ZANU-PF oiling its violence machinery, targets churches in propaganda drive


    Zimbabwe Briefing can today confirm that Muzarabani South MP, Edward Raradza has been intimidating residents of his area and other surrounding areas to vote for ZANU-PF or else risk being victimised. While elections remain impossible this year – at least not before all the necessary conditions are in place – the sequence is mostly likely to begin with a referendum in the aftermath of the constitution-making process followed by general elections.


    On February 29 this year, Raradza told a crowd in Muzarabani that going into referendum was no laughing matter and that ZANU-PF could still do what it wants since nothing could stop it. He then warned the crowd that the party had war veterans and youth militia stand ready to pounce on anyone who would go against the grain and show support for opposition parties, mainly the Movement for Democratic Change (MDC).

    “We will protect this party [ZANU-PF] and if we hear any talk of MDC there will be no forgiveness. We have previously forgiven you [for sup-porting the MDC] but if you continue on this path, we have no option but to take necessary measures,” he said. Raradza went on to threaten the headman of the village in which the meeting was taking place.

    “If we hear that the headman has allowed the MDC to hold a meeting in this place, there will be consequences,” he said. The MP, who some reports have been placed at Chaona in Mazowe North on May 5, 2008, the day many people were attacked, also told the crowd that ZANU PF was willing to bring them food and projects as it had done previously. The party has a consistent record of using food and promises of life-changing projects as campaign tools to lure voters. He also said such – food and projects – ought to be used to lure opposition supporters to ZANU PF so that they could be able to vote and that was the only way they could benefit.

    “Go and tell those MDC supporters who are not here that this is what MP Raradza has said.” The MP then made a comment on the violence that was flaring in Harare, especially in the high-density suburb of Mbare.

    “These days if you read the newspapers, they say “Harare is on Fire”. It’s true, some houses are on fire,” he said putting to rest any doubts that ZANU-PF was behind that violence in Harare.
    But it is how religion is being increasingly used by ZANU-PF that is telling of how the party desires to use religion, Christianity especially, to legitimise violence.
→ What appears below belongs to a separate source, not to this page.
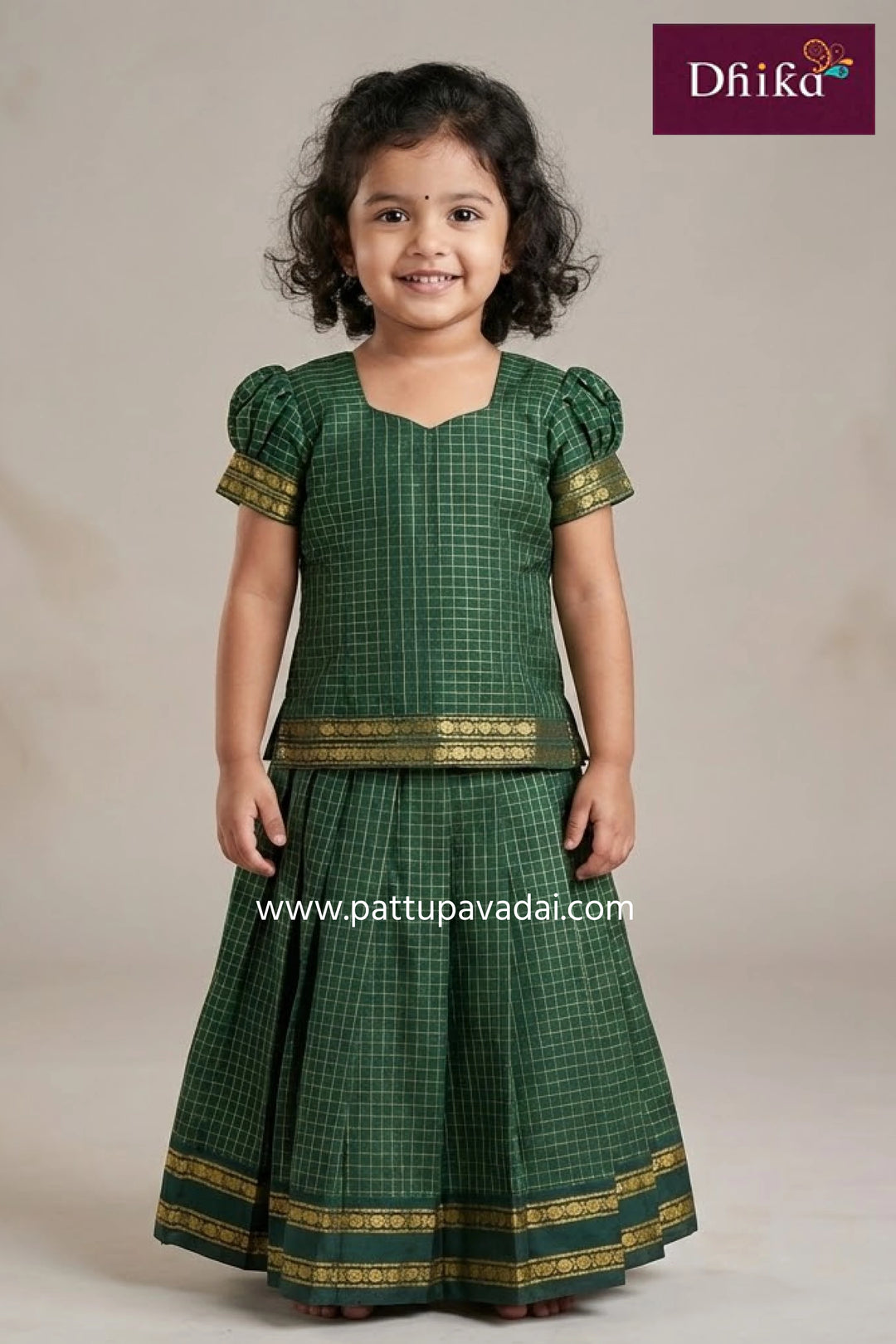 Baby wearing a blue and white traditional outfit with colorful patterns, sitting on a light gray background.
At the same meeting, Rarardza invoked religion to help his audience understand better. “Even with God, when some people wanted to usurp power that did not belong to them, He told them to repent but when they eventually thought of doing so, it was too late and they were swallowed by the ground on which they stood on and were buried alive,” he said.

    And added: “Jesus, too, beat up people in the temple so we are not the first to beat up people.”
    Some of the Vadzidzi VaJehovah (Followers of Jehovah) African apostolic sect is one that has also swallowed the ZANU-PF strategy to use religion for political ends hook, line and sinker.
    Own investigations by Zimbabwe Briefing on three sects in late 2010 and early 2011 reveal that they are using President Robert Gabriel Mugabe to represent the Angel Gabriel. Songs have even been composed which speak to this.

    One such song goes: Gabriel will rule all over Africa/Gabriel will rule all over Africa. And a typical sermon – also heard went as follows: “Gabriel is supreme and is the carrier of the blood of Jesus [Christ] so we can’t abandon him. In this gathering we always say “Forward with R.G Mubabe and you also agree that it so, right?” said the minister and the congregation agrees with him.
    He goes on: “Who really is Gabriel? Is he not the president?” Again, the congregation agreed that it was indeed so.

    Then: “For him [Mugabe] to be named Gabriel, were there no other names to give him? He is the anointed one. He was even ordained by Mbuya Nehanda (spirit medium and protagonist of the first uprising against colonial rule in the 1890s) as somebody who was fit to govern Zimbabwe and not those we are being given today.”

    In Epworth, near Harare the minister was heard saying the church with largest number of ZANU-PF Chairpersons was his.

    “As we are gathered here, the leaders [in ZANU-PF] know that we all belong to the party and that even anything to do with sport such as football was also a part of the party. Forward with ZANU-PF! Forward with our land! Down with those who do not support this,” he says and the congregation agrees with him.

    In Mudzi North, the preacher was heard saying: “We are sorry for some of our black colleagues who meet and work with white people. It’s now time to decide whether we let the country go [to sell-outs] or we guard it.” The congregation then breaks out in song saying Gabriel will rule all over Africa.
    It is highly unlikely that Zimbabwe will go to elections soon but an upcoming SADC extra-ordinary summit on Zimbabwe should shed more light on how the body feels about Zimbabwe’s state of preparedness to go to the polls. Meanwhile, ZANU PF is in election mode and is continuing its campaign across Zimbabwe.